It's time for the superhero genre to stop upping the ante. When it comes to capes and superpowers, I want the ante to go down. With the current output of superhero fare, the stories are strongest when the stakes are lowest.
Take Gen V, for example. The Boys spin-off series, which follows superpowered youngsters enrolled at the Vought-run Godolkin University, is at its best when the plot deals with adolescent mundanities rather than potentially catastrophic disasters. To be honest, the wider superhero lore is secondary to me – it's the characters that I care about, teen angst and all.
At the center of Gen V is Marie Moreau (Jaz Sinclair), an orphan who grew up in the system after accidentally killing her parents with her blood-bending powers. It's through Marie that we meet the rest of Gen V's ensemble: her roommate Emma (Lizze Broadway), who can shrink (and grow) Alice in Wonderland style by eating or purging, gender-switching TA Jordan (London Thor/Derek Luh), Cate (Maddie Phillips), who can manipulate people's feelings and memories with a touch of her hand, and Andre (Chance Perdomo), who can bend metal with his mind but spends most of his time scowling about his father.
Relationship status
Out of the core group of young Supes, Emma's powers are, on paper, the least impressive. She pursues performing arts rather than crimefighting as a major, and other students mock her abilities. As a character, though, she provides comic relief and a solid grounding for the series. Her budding relationship with Sam (Asa Germann), the brother of Cate's deceased ex-boyfriend Luke and test subject at Godolkin's secret lab, The Woods, is a highlight of the season, peeling back the layers of both characters.
Gender-shifting Jordan, meanwhile, is grappling with their bigender identity. As a woman, they can fire energy blasts, while their male form has the power of superhuman durability. While ostensibly switching gender based on which powers they need to use, their gender-shifting brings anxieties rarely explored in this genre to the forefront.
However, as the season progresses, and especially in the finale, Gen V's character-driven plot lines are pushed to the side in favor of higher stakes. The ante, inevitably, has been upped. Sam and Emma have a fight that only just feels believable and only serves to push them to opposite sides of a Supes versus humans conflict that's now come to a head.
Superhero fatigue is very real, with box office numbers on a downward spiral (with some obvious exceptions – looking at you, Guardians of the Galaxy Vol. 3). For me, at least, weariness with the genre also comes from a lack of investment in characters. If we don't see characters interact with each other beyond clunky exposition-heavy exchanges or eye-roll-worthy quips, it becomes very difficult to root for them or care whether they live or die.
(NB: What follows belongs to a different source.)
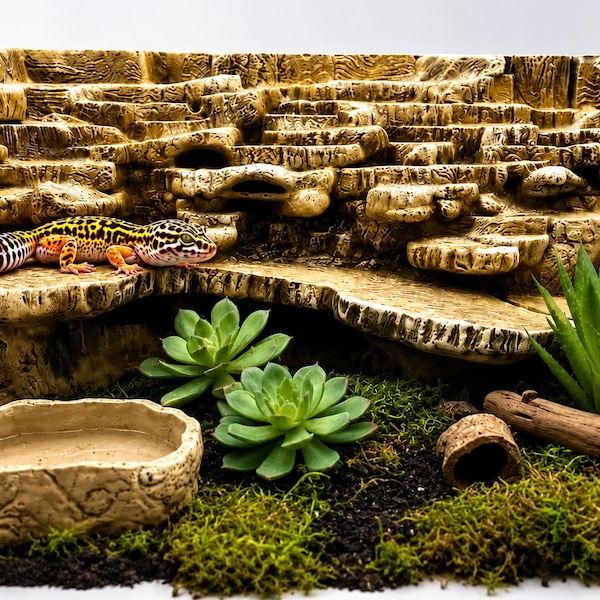 Terraces 3D Back Wall - XL - 48x24| Aquarium Terrarium Vivarium & Tank Decor | DnD, Wargaming Terrain | Custom Color/Glow Options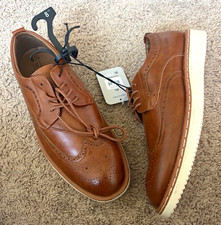 George Men s Brown Wingtip Brogue Oxford Faux Leather Memory Foam Lace-Up 8.5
The world of The Boys isn't exactly brimming with likable characters, but that doesn't matter – it's not a matter of liking them, it's about connecting with them. In Marie, Emma, Cate, Sam, and the rest, we have a group of characters who we can invest in. We care whether they live or die.
Back to basics
The problem with Gen V's progression, too, is the race to catch up to The Boys. Laying the groundwork for the next installment of the original series, it seems obvious that the deadly, contagious Supe virus cooked up by Dean Shetty (Shelley Conn) in a lab underneath Godolkin University will have a big part to play in The Boys – especially now in the hands of Victoria Neuman. As the big bad of The Boys season 4, it's clear that this spells bad news on a grand scale for Supes going forward.
The show still has plenty of opportunity to nurture its high points in season 2 (it's already been renewed for another installment). Emma and Sam's bust-up in episode 8, if handled correctly, could add another layer to their relationship. Jordan and Marie's cautious flirtation, too, has the opportunity to dig deeper into both of their characters. While further crossover with The Boys could widen the scope of Gen V, introduce some fan-favorite characters in the mix (hello, Gen V episode 8 post-credits scene), and deepen the conspiracies that made Gen V's cliffhangers so juicy, it shouldn't come at the expense of the smaller, quieter moments, which remind us why we should care about these characters in the first place.
What made Gen V a breath of fresh air was its character-driven arcs – there's no point introducing us to a batch of interesting, frustrating, funny Supes if they're sidelined in favor of high stakes and bigger-picture storylines. Keep the teen angst in season 2, Gen V. It's the superhero fatigue antidote we've been looking for.